■ **Task statement**:
The job is to find each line in the entries holding the string "stainless" and copy that line.

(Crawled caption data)
■ ■ ■

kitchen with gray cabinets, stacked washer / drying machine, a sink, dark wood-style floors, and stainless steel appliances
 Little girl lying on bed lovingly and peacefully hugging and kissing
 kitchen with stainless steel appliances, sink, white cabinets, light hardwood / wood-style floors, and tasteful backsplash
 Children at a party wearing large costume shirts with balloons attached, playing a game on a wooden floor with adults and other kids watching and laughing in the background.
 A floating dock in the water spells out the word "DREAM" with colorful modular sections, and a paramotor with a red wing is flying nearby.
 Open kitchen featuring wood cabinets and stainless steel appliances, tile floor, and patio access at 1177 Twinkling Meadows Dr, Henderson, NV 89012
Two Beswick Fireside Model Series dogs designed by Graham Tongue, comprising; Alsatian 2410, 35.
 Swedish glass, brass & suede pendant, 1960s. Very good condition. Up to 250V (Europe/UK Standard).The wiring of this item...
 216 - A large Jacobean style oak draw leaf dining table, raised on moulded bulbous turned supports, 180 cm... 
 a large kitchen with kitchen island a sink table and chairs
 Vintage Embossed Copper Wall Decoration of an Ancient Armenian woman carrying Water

■ ■ ■

■ **Expected answer**:
kitchen with gray cabinets, stacked washer / drying machine, a sink, dark wood-style floors, and stainless steel appliances
 kitchen with stainless steel appliances, sink, white cabinets, light hardwood / wood-style floors, and tasteful backsplash
 Open kitchen featuring wood cabinets and stainless steel appliances, tile floor, and patio access at 1177 Twinkling Meadows Dr, Henderson, NV 89012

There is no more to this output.